With success integrating the lab work into her courses, she applied for funding from NSF and NIH.


The result was back-to-back grants to support her efforts to center her students in her scientific research and bring the science of genes and circuits into the classroom — the first time that Cal State East Bay was awarded both the NSF CAREER grant and the NSF RCN UBE (Connectomes for Undergraduate Neuroscience Education and Learning) grant.


The CAREER grant was a start to thinking about ways to integrate her research with educational initiatives in the classroom and the CUNEL grant with collaborators Dr. Andrew Bellemer (Appalachian State University) and Dr. Kenneth Colodner (Mount Holyoke College) provided the opportunity to develop a whole semester's worth of curriculum in neuroscience.


Word of her success reached the Allen Institute, which recognizes the need to fill the science pipeline with future scientists from diverse backgrounds. The best way to do this is to give students early exposure to real-world lab experiences often, which is what Sitaraman had been doing all along.


“The Allen Brain Institute scientists Dr. Nuno da Costa and Dr. Forrest Collman who have been working on the IARPA-funded   heard of our work and said, ‘You're doing amazing work with the fly resources. Can we now do this with bigger brains like the mouse brain?’” said Sitaraman. “‘You understand the students, you understand how to translate research in the labs to the educational environment.’”


As with the fly research five years ago, Sitaraman has invited students into this unique moment of scientific creation where the only rules are the rules the lab creates and the relentless pursuit of discovery.


Students arrive at her lab expecting structure and guidelines. Sitaraman has to reset expectations immediately with them.


“That’s the thing about research,” said Sitaraman. We are always looking, we know something, but a lot still needs to be explored.

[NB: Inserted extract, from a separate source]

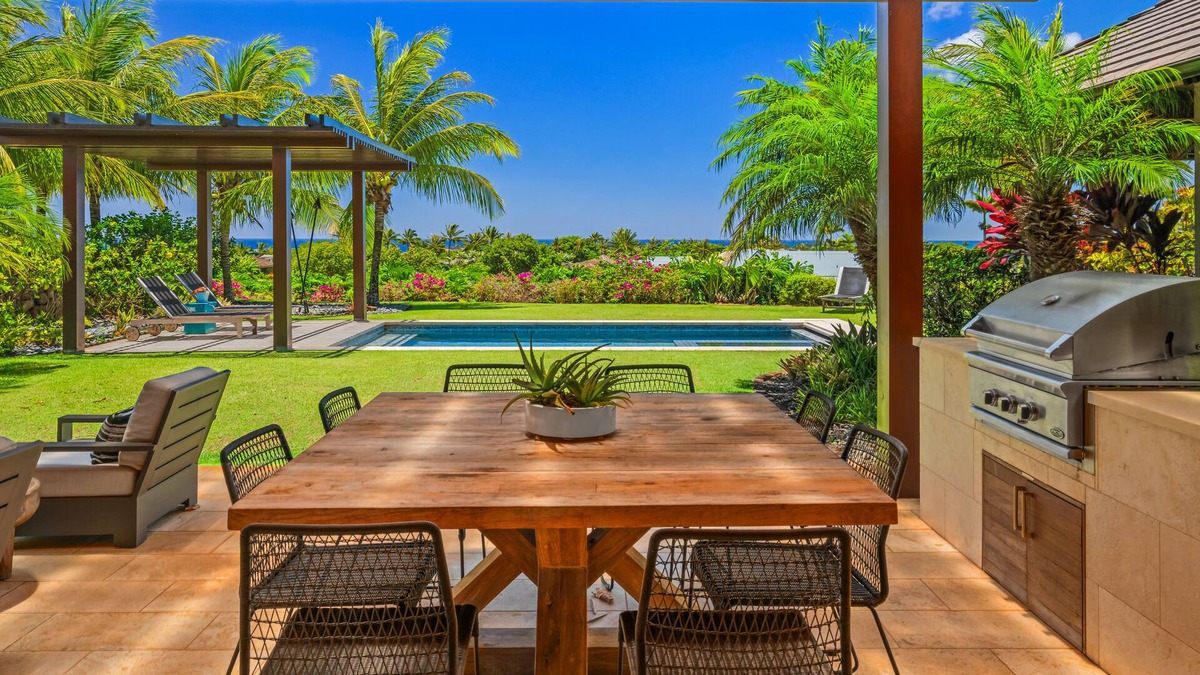 Poipu House | Luxury 4 bedroom home with Ocean Views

You try things, improve on them and that often leads to the next question.”


True to form, she sees this as another opportunity for her students to experience being researchers, hoping that the exposure could lead to more scientists entering her field of research from all walks of life.


“We do need science practitioners to be more diverse,” said Sitaraman. “We also need the ideas to be coming from everywhere.”

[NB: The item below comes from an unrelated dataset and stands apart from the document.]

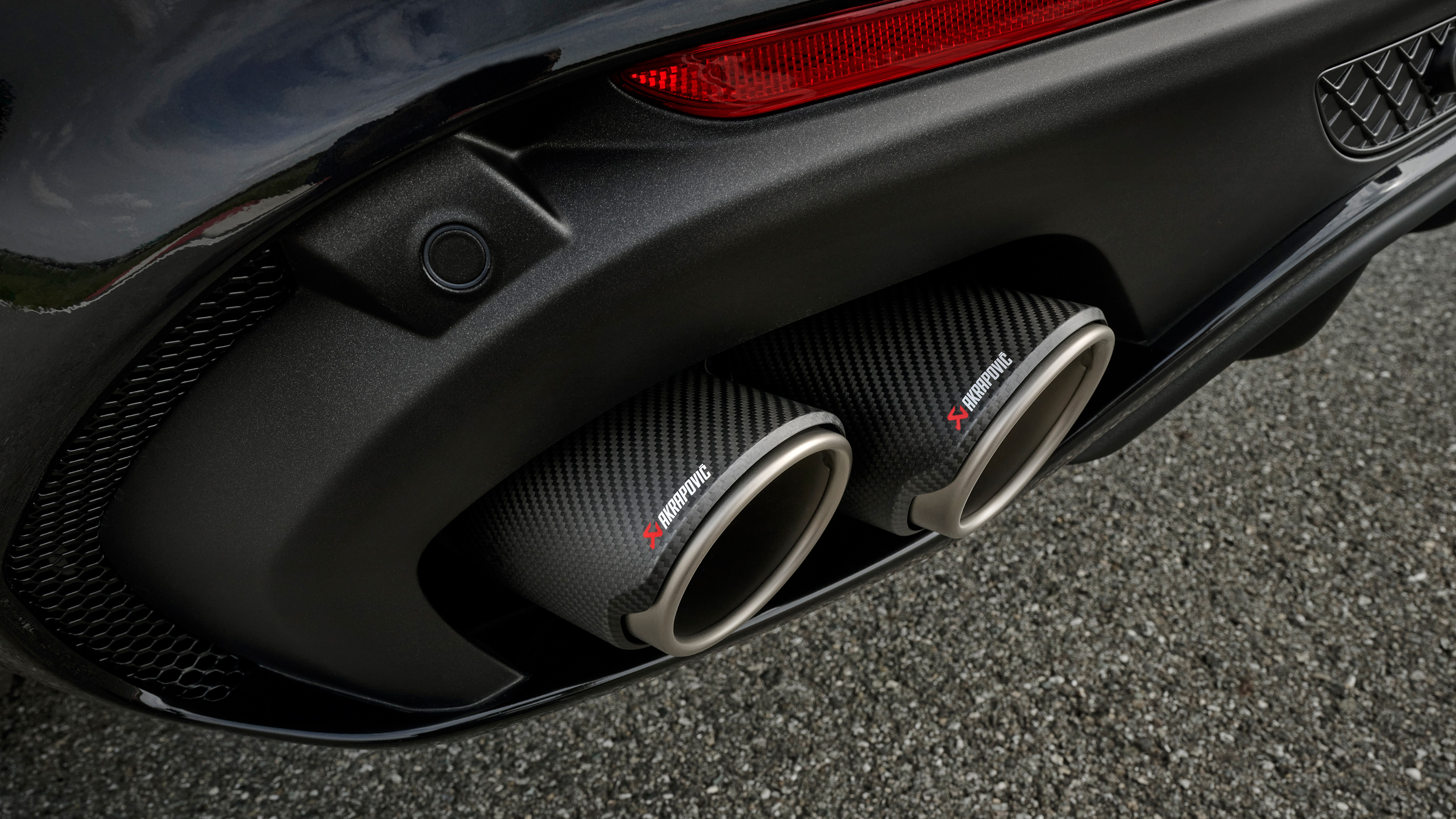 Alfa Romeo Giulia and Stelvio Quadrifoglio Super Sport exhaust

One of the best parts about the NIH consortium is the access students have to scientists doing the same work on the brain.


“The researchers at the Allen Institute who are developing and interpreting these data sets are active members of our classroom, and by directly partnering with scientists who develop these complex data sets, we are bridging the gap between science and education in the classroom,” said Sitaraman. 

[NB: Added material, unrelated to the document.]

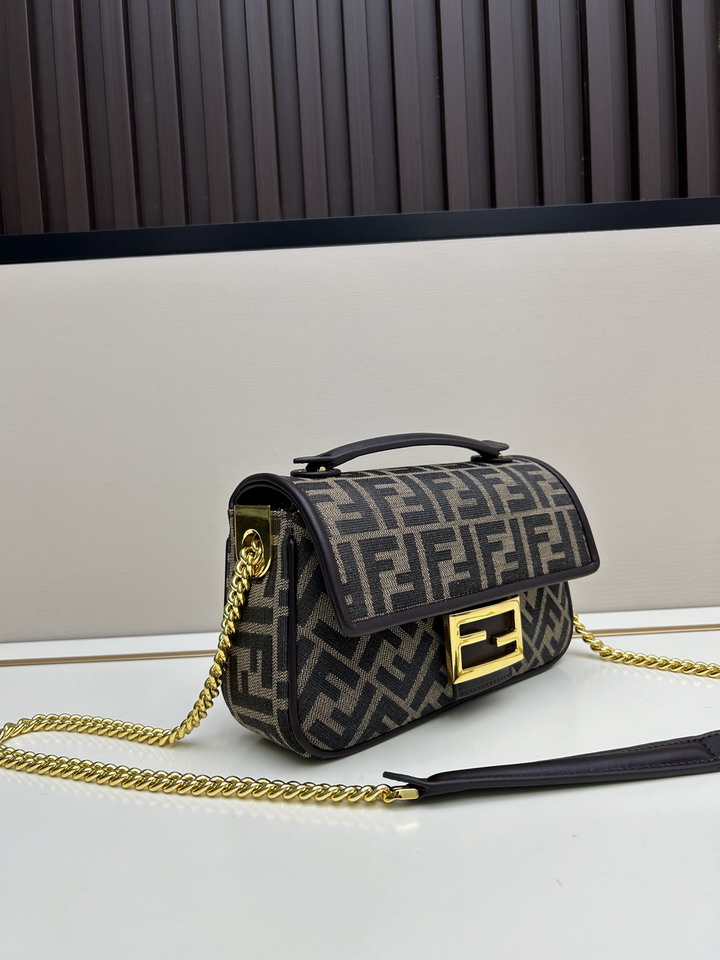 Fendi F8028 24x14x7cm jj_2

Students will review mouse brain mapping data as it becomes available from the Allen Institute and attempt to make sense of what they see, hoping to discover new principles of nervous system function that have never been possible before. 


More importantly, the students will come to view themselves as the scientists they may not have imagined themselves to be.


“A lot of my students will tell me, ‘Oh, I don't think like a scientist. I am not a scientist,’” said Sitaraman. “I'm like, ‘What is a scientist? A person with some curiosity who is willing to look and find some answers. Science is everywhere. Science is everybody. Science is about process.”


With a lack of role models in the scientific community, it’s not surprising to Sitaraman that her students may not initially see themselves as becoming full-fledged scientists one day. But there’s no doubt in her mind that her students have what it takes to become scientists, and that’s what motivates her to get up every morning.


“Students come in with self-doubt, but they also come in with fresh ideas and they're willing to work hard. And I just love that about our students,” said Sitaraman. “So my biggest goal is that I continue to do the research I do with students. It's a highlight of my days when I come into the lab, and students make some kind of finding. And they're like, ‘Oh, Dr. S., I found this!’ And that's really the highlight. I wanna continue training students on this campus, ensuring that they go on, and stay in science.”